You are hurting. You feel alone. You are overwhelmed and exhausted. You are tired of carrying a shame that was never intended to be yours. You are tired of feeling the weight of your own insecurities. You are tired of feeling like you have no voice. You are tired of reliving the nightmare of your past. You feel as if there’s a demon taunting you inside corrupting your view on life. You are tired of pretending. You are tired of hiding behind your clothing, your talent, your education, your physic, or even your family. You are tired of running. You are tired of running away from whatever resembles the one that made you a victim. You run away from the smell, scenery, sound, and anything that reminds you of the day you were no longer known by your name. You are done. You are afraid. You call yourself a victim and by no other name.


Dear you.

You are beautiful. You are not alone. You have a family. Whether it be your biological or not, you have people. You have people longing to hug you and remind you of your worth. You have friends who while they are silent, are screaming internally for your breakthrough. You are not what you wear. You are not your talent. You are not your educational achievements or the lack thereof.

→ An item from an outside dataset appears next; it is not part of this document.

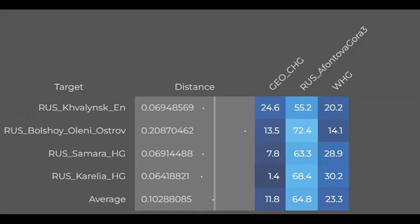Олени Остров turns out to be 13% CHG derived. And what about all the other EHG groups such as Samara, Kvalinsk, Karelia? Kvalinsk seems to score the most CHG out of all Eastern hunter-gatherer groups, and Karelia the least.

You are not your physic, or even the linage you come from. You are worth far more. You are of strength. You are of courage. You need no longer run. You need no longer hide. You need no longer believe what keeps you up at night. You are free from the cold dark cage you’ve called home. Your heart is free. Your mind is free. You are neither dirty nor impure. You are not to be ashamed of and you are neither too difficult nor too far gone to love. You are bold. You have a voice. You are believed. You are free.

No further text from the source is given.